Pedal steel magician/banjo djinn Gordon Stone uses the title track of his new Night Shade album to pick up where he left off on 2005’s Rhymes With Orange. Where Rhymes … closed with a majestic and almost eerie-sounding “Night Shade” (Stone’s pedal steel at times sounding like Lon Chaney on the pipe organ at 3 AM), the new album takes that same theme, gives it a neck rub, straps a booster rocket to its backside, slaps it on the butt, and fires it off into outer space.

That’s right: just as you’re lulled into submission to the slow sway of the opening melody – WHAM! – things take off on a romp that sounds like a jacked-up version of the Doors’ “L.A. Woman” until the drums get all crazy/funky. The beat crunches to halt and a B-3 bellows its guts out (Page McConnell!) – there’s another blast of drum funk and then the pedal wails in response – more drums/more B-3/more pedal … and things spiral and tumble as the rhythm section slides back underneath the whole works and takes off down the highway once again. Before you know it, you’re back where you started, a little sweaty and disheveled, but grinning like an idiot.
It’s that kind of album.

Stone has always pushed the limits of his main musical weapons, taking the pedal steel and banjo to places no mere humans normally tread. On Night Shade, however, he pushes things further (Furthur?) than ever, lashing world rhythms and out-of-this-world melodic ideas together.

Here we have a circle of Senegalese drummers laying down a driving beat as the pedal steel leads the crazy dance around the fire (“Snakehouse”); here (“Champ’s Reel”) we have what can only be referred to as Celtic banjo veering off into jazzy places up under the rafters; over here the steel chants and cries over a bed of moonlit percussion (“Kaki Lambe”); and here we have – what’s this? A lost Stones track with Ronnie Wood on pedal steel? (“Stone’s Throw”.) Naw – that’s ol’ Gordon again; you’ll know it for sure when the music drops away to handclaps and cowbell and instead of Mick Jagger growling/slurring something like “Come on, bay-bay … gimmee summa that – oh, yeah!”, we have … a dog barking. Yep – Champ the dog lays it down right in the groove just before the band comes crunching back in and Erik Lawrence tears into a sax break that sounds like Bobby Keys in his prime. (Elsewhere, Lawrence – who’s doing great things these days with Levon Helm’s band - is absolutely brilliant on a cover of Thelonious Monk’s “Well You Needn’t” as he weaves, bobs, and ducks around handfuls of pedal and banjo Stone throws his way.)

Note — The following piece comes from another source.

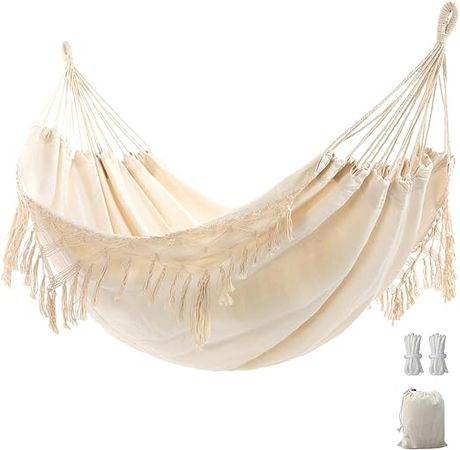 Double Hammock with Elegant Tassels and Fishtail Knitting - 2 Person Portable Outdoor/Indoor Hammock, Includes Tie Ropes and Carry Bag - Perfect for Camping, Porch, Garden : Amazon.ca: Patio, Lawn & Garden
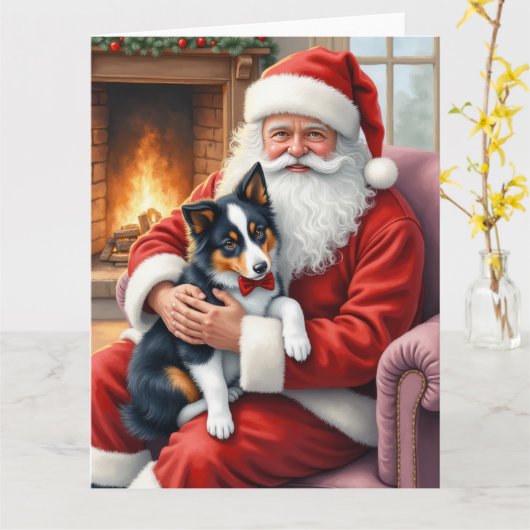 Santa Claus Holding Border Collie Christmas Art Karte (Gelbe Blume)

That’s the deal with Night Shade: the musical brilliance of Stone, his band, and his guests will make you shake your head and rewind the tracks in an effort to figure out “How’d we get here?” At the same time, a thread of quirky humor is woven throughout the album – which is good, because Gordon Stone’s so talented he’d be scary if he wasn’t so funny.

Defying the laws of musical categorization and gravity will do that to you every time.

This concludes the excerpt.